Hiring Contractors for a Remodel
Homeowner references are invaluable when searching for a kitchen professional. You want genuine feedback from real people who have lived through a kitchen renovation project with the designer/firm you’re considering. Get the dirty details. Ask a contractor's references these questions.
Also find out the company’s history. “If the firm has been open for six months, let someone else hire them.” says Brad Burgin of Burgin Construction Inc. in North Tustin, California. He suggests going with a contractor that has a track record with the Better Business Bureau and has carried insurance for many years. “This is an expensive, risky business to own,” Burgin says.

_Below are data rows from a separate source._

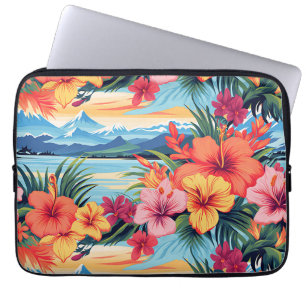 Housse Pour Ordinateur Portable Fleurs tropicales colorées et paysage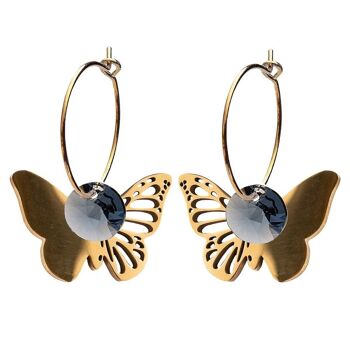 Boucles d'oreilles papillon, cristal 8mm - or - Bleu Denim 1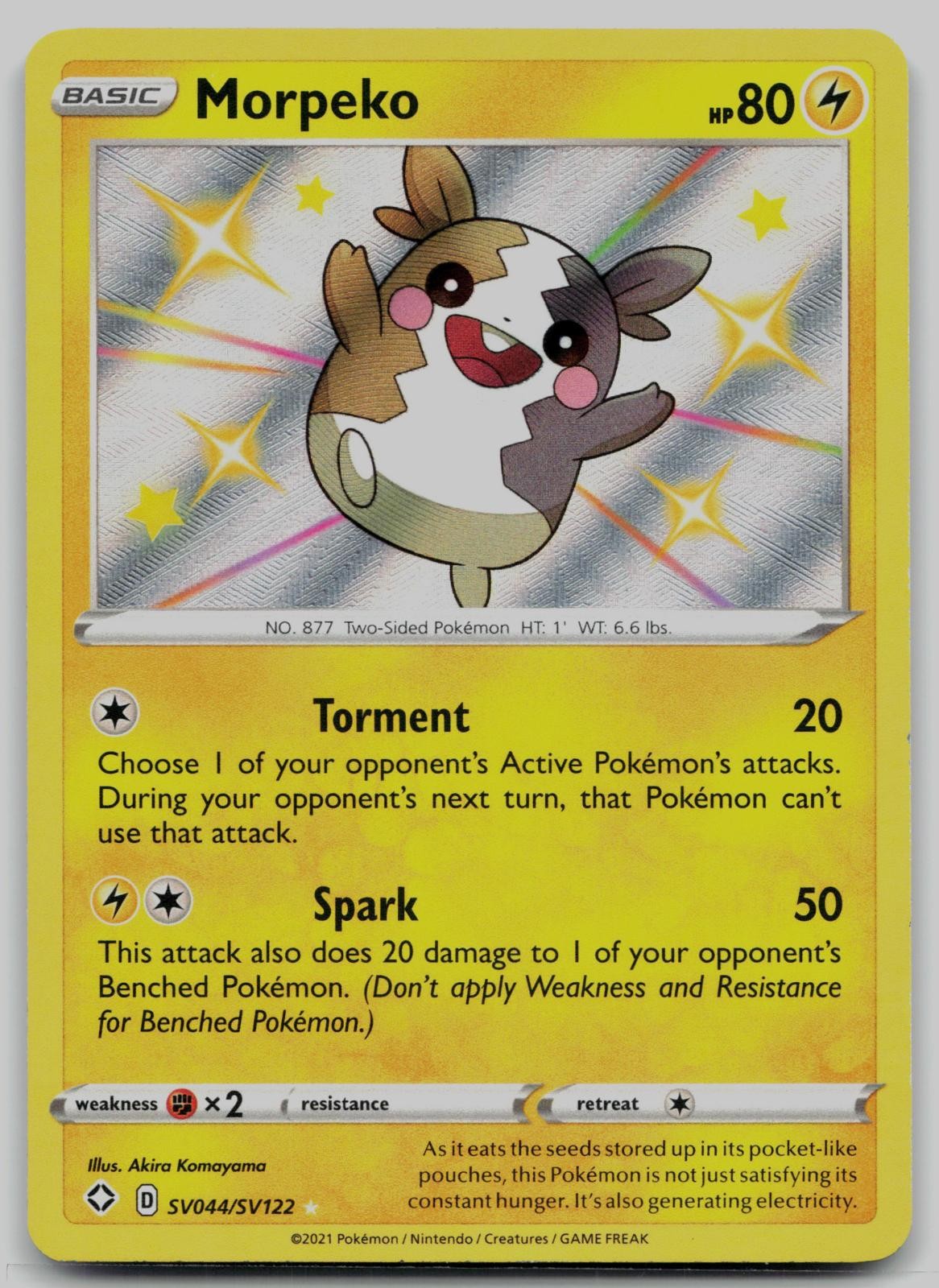 Morpeko SV044/SV122 Shiny Rare Shining Fates Shiny Vault Pokemon Holo Near Mint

“If you can get a better price with a starter company, there is a reason,” continues Burgin, who has been in business for more than 20 years.

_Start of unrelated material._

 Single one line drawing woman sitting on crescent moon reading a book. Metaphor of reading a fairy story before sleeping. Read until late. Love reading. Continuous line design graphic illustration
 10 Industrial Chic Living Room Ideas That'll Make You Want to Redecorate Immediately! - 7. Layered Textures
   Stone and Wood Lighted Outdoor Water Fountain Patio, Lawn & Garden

References will tell the real story, says Ellen Rady of Ellen Rady Designs in Cleveland, Ohio. “The most important thing is to have seen the designer’s work,” she adds. “I’m really shocked when someone calls me who has no idea what my work looks like.”
Don’t delegate your kitchen renovation to just any pro. Do your homework and check out any tradesperson before you hire them.

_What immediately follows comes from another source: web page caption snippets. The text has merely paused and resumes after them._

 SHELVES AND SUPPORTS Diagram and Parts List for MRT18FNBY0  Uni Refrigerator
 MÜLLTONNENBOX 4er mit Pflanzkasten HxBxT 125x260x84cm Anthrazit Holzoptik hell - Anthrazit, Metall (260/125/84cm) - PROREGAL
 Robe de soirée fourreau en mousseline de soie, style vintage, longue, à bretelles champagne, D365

- Ask for proof of insurance. Contractors should carry personal liability, workers’ compensation and property damage coverage.
- Check the company’s track record with the BBB.
- Consult with your local building department to find out local licensing requirements (they vary by state and municipality). Ask to see the contractor’s license and make sure it's current.
- Ask for a list of references, and call at least three. Find out what projects the contractor has completed in the last year.
- If hiring a general contractor, find out what subcontractors they will hire. Do some research to make sure they have a solid reputation with the BBB.
- Interview more than one contractor for the job and ask for written proposals/estimates.